The West’s joint defense relies, however imperfectly, on certain stated and unstated assumptions. Collective action in the event of an attack is one of these; outposts in friendly countries or buffer areas are another. Azerbaijan acts as both of these for the West’s bumbling attempts to deal with the Iranian regime.
Iran recently announced its intent to annex Azerbaijan.
As Foreign Policy correctly notes, this is something of a recurring trope in Iranian-Azerbaijani relations. Threats to annex each other are part and parcel of the two countries’ interactions over time, and most observers of the area have yawned in response, assuming this is part of a long-term trend of loud rhetoric and no action.
Trends are remarkable for continuing until the moment at which they stop.
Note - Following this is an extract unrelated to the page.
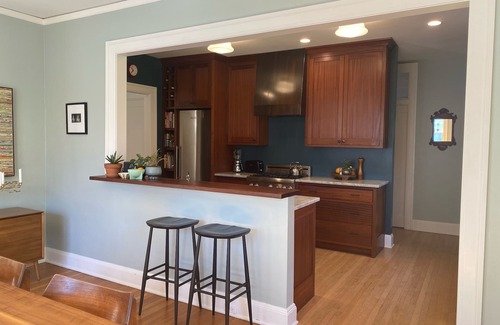 Kerns House | Ideal SE location-Laurelhurst Park- 2 bedrooms, sleeps 5, family friendly.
Iranian rhetoric is or very soon will be backed with the threat of a nuclear exchange, and given the two countries’ relations, their shared commitment to Shi’i Islam is unlikely to deter more serious threats of force against Baku.
Realistically, Azerbaijan could not resist an outright invasion by Iran (though they could certainly make Iran bleed badly for their prize), and would have to turn to the United States and Europe for assistance. As of this moment, American foreign policy toward Tehran is confused, and European foreign policy toward everything is a chaotic mess.
An invasion of Azerbaijan is unlikely in the near future. Each day that Iranian rhetoric passes without a Western response, the likelihood grows.